Here’s a commonly held view: “The Admissions Committees (adcom) at the colleges I’m applying to want to see a certain type of writing in the application essays students submit.”
The (unfortunate) logic here is that when the adcom reads an essay that perfectly matches their “style” and “criteria,” they instantly recognize that the applicant is a good fit for their school.
Thousands of college applicants spend countless hours trying to crack this code, trying to figure out what they THINK adcoms want to read in order to craft essays that fit into this apparent mold. In the mind of the hopeful applicant, it’s almost like the adcom is using a checklist while reading their essay, ticking off a box each time they get something right.
The truth is… this couldn’t me a more inaccurate approach.
In fact, it wouldn’t be an exaggeration to say that the aforementioned strategy of essay writing is not only one of the most prolific, but also the most misguided. When you’re writing an essay to fit some imagined norms, you’re committing the cardinal sin of bad writing: which is… playing it safe.
Blending Into The Crowd Makes You A Boring Applicant
Striving for uniformity means that you’re trying to be like everyone else, and blending into a crowd makes you boring. When you produce yet another rote essay in an applicant pool of thousands, there’s nothing to set you apart from every other Joe and Sally. That means [cue ominous music]… you’re forgettable!
So how do you stand out in your application essay? By taking risks, of course! On the first review of your application, the AdCom is going to spend 5-10 minutes looking over the whole dang thing. That means they’ll take a minute or two (tops) to initially scan your essays. In that situation, a boring essay can sink your application right away. An essay that takes risks, on the other hand, is bound to raise a few eyebrows (in a good way).

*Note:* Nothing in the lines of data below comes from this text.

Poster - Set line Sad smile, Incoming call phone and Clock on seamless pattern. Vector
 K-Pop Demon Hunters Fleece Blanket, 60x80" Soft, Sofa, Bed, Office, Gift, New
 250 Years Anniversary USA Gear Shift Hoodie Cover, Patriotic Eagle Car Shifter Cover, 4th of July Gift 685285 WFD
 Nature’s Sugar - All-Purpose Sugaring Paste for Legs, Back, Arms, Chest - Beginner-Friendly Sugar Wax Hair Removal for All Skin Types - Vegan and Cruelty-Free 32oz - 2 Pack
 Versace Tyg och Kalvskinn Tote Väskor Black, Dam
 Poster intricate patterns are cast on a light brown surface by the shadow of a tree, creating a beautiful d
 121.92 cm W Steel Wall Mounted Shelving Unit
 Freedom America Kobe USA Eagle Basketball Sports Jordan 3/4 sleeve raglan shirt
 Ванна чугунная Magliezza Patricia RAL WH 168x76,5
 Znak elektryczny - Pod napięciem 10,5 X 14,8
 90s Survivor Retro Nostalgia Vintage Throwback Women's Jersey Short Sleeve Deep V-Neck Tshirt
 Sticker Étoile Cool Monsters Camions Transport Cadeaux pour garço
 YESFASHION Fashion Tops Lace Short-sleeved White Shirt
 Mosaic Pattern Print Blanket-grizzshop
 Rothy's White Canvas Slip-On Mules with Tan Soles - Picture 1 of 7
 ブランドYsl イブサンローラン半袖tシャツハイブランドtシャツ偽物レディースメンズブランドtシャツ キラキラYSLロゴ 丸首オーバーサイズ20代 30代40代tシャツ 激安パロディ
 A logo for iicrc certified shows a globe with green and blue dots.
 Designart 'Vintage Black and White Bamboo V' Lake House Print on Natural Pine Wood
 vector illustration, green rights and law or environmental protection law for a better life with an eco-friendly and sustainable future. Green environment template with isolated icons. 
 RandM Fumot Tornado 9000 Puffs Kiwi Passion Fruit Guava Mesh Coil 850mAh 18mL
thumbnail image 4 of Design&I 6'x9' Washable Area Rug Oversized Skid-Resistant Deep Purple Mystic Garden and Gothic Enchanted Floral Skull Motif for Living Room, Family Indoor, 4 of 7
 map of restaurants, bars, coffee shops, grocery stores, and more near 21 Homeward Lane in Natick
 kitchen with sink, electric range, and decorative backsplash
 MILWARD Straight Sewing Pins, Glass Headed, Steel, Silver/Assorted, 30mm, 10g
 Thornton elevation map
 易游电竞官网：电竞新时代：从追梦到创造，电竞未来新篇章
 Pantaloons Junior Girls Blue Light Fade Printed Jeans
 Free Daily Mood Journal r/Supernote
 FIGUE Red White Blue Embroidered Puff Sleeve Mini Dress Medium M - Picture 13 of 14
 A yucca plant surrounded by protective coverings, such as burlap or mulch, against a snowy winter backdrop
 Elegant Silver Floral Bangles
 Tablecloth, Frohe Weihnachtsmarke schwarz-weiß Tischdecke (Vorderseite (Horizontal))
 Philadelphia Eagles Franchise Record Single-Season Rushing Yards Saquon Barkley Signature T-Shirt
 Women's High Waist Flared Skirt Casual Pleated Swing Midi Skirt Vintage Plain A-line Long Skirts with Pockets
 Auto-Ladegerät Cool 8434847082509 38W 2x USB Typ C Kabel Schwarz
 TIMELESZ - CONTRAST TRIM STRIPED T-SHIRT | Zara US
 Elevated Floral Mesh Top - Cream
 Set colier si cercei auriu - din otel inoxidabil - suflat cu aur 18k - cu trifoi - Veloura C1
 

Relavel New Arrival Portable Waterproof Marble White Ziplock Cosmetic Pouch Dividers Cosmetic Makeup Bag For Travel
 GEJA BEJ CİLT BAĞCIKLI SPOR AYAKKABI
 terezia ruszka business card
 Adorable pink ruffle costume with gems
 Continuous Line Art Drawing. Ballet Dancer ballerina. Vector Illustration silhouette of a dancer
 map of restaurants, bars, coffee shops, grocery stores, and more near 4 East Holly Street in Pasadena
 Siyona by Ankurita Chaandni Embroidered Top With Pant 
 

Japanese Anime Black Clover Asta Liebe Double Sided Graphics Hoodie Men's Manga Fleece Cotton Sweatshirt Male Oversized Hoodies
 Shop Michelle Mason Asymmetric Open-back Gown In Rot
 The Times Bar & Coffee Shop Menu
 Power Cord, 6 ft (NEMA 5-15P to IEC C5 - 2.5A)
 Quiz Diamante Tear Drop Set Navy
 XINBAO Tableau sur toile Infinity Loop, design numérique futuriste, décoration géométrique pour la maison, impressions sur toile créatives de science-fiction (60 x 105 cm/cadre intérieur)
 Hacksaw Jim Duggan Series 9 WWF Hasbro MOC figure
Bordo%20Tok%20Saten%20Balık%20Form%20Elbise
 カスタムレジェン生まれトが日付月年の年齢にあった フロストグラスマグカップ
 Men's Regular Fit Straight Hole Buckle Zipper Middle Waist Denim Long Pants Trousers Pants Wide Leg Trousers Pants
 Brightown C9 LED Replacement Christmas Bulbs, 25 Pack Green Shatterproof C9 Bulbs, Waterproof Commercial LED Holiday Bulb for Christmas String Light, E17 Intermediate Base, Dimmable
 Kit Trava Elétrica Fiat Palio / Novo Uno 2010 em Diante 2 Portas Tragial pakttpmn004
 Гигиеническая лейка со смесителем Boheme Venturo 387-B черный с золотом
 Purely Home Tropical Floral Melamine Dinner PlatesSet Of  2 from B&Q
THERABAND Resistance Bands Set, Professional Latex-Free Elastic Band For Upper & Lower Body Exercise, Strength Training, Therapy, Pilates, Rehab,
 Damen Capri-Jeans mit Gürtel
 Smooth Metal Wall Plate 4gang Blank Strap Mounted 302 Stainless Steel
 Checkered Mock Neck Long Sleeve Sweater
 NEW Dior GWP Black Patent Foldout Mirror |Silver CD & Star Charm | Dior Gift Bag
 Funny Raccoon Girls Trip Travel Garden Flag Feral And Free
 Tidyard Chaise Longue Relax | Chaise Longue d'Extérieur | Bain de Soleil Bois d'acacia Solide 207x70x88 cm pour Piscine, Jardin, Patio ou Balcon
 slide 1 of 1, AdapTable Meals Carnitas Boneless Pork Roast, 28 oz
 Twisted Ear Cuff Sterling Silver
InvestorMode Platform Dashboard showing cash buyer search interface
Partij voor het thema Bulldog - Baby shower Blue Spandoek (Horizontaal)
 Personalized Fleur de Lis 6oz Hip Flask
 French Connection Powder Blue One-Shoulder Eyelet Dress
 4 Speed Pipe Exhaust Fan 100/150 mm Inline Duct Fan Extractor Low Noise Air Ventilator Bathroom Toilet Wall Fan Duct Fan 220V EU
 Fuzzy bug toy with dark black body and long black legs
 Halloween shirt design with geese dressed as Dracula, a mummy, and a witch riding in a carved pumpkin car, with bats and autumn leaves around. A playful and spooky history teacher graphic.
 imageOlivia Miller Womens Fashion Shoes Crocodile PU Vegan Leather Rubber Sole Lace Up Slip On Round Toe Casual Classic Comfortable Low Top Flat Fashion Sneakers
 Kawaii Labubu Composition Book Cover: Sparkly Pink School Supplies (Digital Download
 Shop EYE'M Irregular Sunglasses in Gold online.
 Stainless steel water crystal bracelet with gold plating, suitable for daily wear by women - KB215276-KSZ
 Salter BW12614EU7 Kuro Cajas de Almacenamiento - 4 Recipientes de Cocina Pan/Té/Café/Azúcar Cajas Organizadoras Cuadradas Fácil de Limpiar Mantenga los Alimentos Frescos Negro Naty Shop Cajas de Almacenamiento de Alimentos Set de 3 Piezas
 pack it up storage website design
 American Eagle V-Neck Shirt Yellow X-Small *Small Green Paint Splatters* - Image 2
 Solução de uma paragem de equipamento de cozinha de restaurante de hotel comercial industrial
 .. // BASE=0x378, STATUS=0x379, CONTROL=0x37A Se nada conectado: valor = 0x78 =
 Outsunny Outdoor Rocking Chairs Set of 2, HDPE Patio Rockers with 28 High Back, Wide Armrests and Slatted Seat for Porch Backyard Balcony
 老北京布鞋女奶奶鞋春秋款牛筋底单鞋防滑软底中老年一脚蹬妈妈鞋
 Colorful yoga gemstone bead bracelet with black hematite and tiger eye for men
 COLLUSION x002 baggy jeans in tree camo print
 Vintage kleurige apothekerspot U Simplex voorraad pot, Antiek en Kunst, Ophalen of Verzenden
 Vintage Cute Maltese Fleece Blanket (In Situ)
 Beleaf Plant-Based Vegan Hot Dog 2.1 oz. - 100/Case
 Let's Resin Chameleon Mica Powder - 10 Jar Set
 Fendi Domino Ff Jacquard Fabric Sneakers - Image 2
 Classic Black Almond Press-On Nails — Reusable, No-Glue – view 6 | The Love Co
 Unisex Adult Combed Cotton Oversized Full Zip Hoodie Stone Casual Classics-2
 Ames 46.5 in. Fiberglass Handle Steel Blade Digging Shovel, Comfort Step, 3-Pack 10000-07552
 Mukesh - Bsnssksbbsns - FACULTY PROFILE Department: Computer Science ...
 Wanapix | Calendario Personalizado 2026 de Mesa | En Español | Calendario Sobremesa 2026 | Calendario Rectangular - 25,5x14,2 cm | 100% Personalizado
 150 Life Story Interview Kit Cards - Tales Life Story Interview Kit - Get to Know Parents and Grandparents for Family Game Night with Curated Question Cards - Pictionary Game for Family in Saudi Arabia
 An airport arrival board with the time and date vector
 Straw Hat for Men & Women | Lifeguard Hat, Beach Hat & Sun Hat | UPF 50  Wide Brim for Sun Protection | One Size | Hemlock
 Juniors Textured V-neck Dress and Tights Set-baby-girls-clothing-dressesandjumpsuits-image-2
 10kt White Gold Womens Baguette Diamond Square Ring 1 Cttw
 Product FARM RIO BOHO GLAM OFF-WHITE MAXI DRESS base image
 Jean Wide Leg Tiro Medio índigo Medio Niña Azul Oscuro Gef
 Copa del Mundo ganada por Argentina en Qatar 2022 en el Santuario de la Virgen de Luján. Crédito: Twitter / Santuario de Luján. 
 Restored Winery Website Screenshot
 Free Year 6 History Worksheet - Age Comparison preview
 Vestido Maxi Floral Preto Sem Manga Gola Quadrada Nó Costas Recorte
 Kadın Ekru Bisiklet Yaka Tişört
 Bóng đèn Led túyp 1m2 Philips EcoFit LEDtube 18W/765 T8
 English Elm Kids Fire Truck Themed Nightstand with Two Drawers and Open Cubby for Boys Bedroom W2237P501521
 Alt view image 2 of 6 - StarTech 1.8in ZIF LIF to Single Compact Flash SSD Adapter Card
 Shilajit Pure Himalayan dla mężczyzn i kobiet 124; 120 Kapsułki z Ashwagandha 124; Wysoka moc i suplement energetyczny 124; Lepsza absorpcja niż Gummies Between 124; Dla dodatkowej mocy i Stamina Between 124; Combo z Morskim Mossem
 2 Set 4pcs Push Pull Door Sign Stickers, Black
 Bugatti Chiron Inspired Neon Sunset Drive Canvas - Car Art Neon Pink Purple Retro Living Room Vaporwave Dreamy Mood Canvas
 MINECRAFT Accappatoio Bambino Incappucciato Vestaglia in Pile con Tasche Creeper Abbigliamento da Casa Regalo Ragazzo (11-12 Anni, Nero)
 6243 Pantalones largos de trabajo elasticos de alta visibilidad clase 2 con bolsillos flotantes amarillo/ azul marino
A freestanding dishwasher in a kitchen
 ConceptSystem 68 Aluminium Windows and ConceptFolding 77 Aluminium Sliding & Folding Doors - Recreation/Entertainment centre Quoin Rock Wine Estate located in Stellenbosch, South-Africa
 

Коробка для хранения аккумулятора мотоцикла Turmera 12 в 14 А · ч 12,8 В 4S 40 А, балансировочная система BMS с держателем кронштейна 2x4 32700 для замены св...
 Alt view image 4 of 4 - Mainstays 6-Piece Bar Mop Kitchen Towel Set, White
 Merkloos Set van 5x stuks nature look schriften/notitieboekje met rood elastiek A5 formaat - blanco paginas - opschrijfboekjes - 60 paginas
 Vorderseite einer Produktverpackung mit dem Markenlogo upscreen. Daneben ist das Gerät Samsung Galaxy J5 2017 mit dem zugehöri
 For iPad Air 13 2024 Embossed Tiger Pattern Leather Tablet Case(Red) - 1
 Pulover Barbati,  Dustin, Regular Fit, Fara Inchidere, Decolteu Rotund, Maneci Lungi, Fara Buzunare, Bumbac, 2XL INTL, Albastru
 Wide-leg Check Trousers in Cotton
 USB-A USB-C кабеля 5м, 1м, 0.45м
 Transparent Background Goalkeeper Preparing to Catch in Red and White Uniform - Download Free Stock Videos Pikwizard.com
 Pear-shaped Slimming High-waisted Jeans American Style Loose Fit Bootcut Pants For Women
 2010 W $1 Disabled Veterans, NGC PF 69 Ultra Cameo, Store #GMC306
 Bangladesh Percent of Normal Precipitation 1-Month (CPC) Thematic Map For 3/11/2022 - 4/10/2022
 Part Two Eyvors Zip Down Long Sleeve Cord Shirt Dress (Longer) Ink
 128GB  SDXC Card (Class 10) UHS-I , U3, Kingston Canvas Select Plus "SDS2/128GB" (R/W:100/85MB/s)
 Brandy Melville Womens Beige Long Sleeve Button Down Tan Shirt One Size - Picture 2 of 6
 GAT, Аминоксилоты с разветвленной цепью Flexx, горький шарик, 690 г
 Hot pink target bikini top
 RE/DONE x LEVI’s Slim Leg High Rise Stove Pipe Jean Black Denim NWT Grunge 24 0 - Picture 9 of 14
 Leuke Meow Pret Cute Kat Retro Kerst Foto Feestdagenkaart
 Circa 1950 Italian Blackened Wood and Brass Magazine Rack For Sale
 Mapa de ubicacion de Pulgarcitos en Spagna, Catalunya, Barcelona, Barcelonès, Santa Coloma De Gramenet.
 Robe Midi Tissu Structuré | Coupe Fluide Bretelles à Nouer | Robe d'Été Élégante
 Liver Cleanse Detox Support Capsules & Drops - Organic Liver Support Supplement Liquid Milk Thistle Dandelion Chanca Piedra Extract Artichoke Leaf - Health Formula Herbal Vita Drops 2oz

Now, there are rules to risk. Before you dive into writing your essay from the perspective of a goldfish (I’ve seen it done, no joke), let me explain BAD RISK—so you can avoid it.
Avoid Taking These Types Of Risks While Writing Your College Essays
- Avoid trying to be clever for cleverness’ sake. If you’re just writing an essay to showcase your ingenuity and talent for wordplay without truly saying anything about yourself, you’re in trouble. The guy who wrote his essay from the perspective of a goldfish was clever (“As far as I know, the world is only as big as the bowl that contains me!”), but he wasn’t giving any real insight into his own character.
- Avoid writing for pure shock value. This includes going into unnecessary graphic detail (“I severed my thumb, and here’s what it looked like!”), being argumentative (“listen to this extremely controversial political viewpoint!”), and delving into your personal, erm, carnal experiences. The latter is actually quite common, since many teenagers are under the misapprehension that AdComs would totally love to hear about their hedonistic escapades.
- Avoid being dishonest. Sure, you spent hours preparing for your debate championship only to come in 7th place, so can’t you just say you came in 1st, y’know, for the dramatic arc of your essay? You can… if you want to get your application tossed in the trash. AdComs are bloodhounds when it comes to sniffing out even the smallest of lies. Truth is, honest writing has an intangible and wonderful quality, one that can never be imitated by half-truths or flat-out fibbery. So do yourself a huge favor: don’t even consider lying in your essays—not even a little.